GDDR6 is debunked: GDDR5X the likely choice for next-gen mid-range cards

15 December 2015
GPU PCB

HBM2 is some of the most exciting contemporary memory, to be sure. Its stacked architecture means a 1TB/s memory bandwidth, more than twice what GDDR5 is able to manage – three times as much in some cases.

That’s why HMB2 is NVIDIA and AMD’s preferred choice for their upcoming GP100-powered Pascal cards and Greenland GPUs, respectively.

The result of this mighty speed is, well, a mighty price tag, and many have been questioning the feasibility of using HMB2 memory in the mid and low-end graphics cards. That’s where GDDR5X comes in.

Micron-GDDR5X-Memory-Standard

GDDR5X is nowhere near as fast as HBM2, but it does allow for a bandwidth of around 448GB/s, which is still a lot more than what GDDR5 can do. Besides, GPUs using GDDR5X will not need anything like the bandwidth afforded by HBM2 – they’re sporting slower GPUs after all.
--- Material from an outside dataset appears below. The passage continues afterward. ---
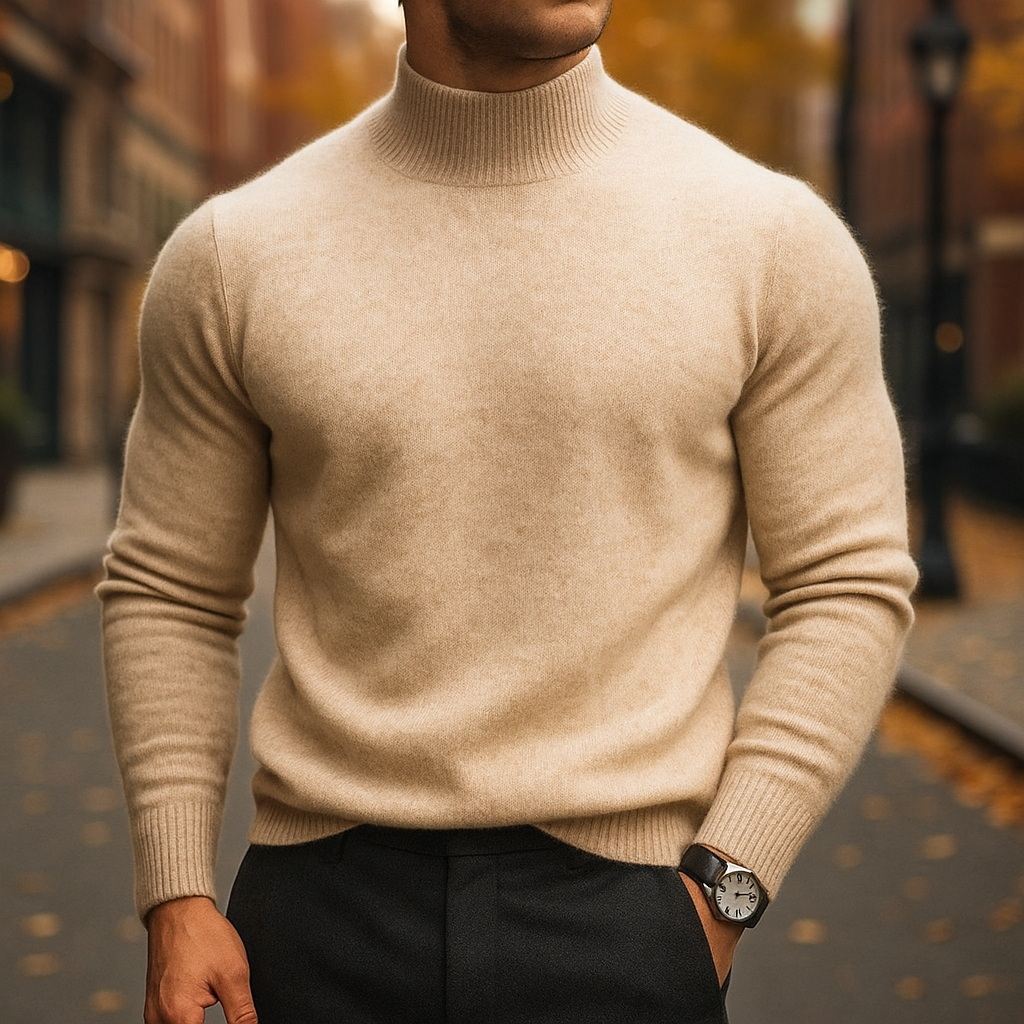 Mavritor - Stylish Casual Sweater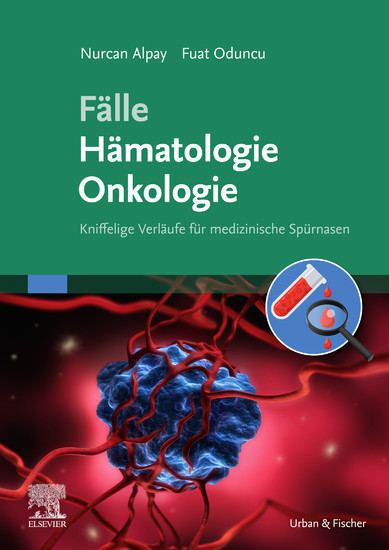 Fälle Hämatologie Onkologie main product photo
And it all starts to make sense.

Fudzilla recently reported that Micron was working on GDDR6, a memory architecture that would double the bandwidth of GDDR5, thanks to 10 to 14GB/s per memory module.

Since then, Micron has debunked the story and, by the same token, confirmed GDDR5X.

GDDR5X doubles the prefetch of GDDR5 and in the process offers twice the bandwidth, but still uses much of the same command protocols, allowing for fairly simple integration.

We should probably mention that entry-level cards will still work just fine on GDDR5.

As a result, we’re thinking HBM2 will be dedicated to enthusiast cards, GDDR5X will be used in mid-range cards, like NVIDIA’s rumoured GP104 cards, and GDDR5 will stay its course in entry cards.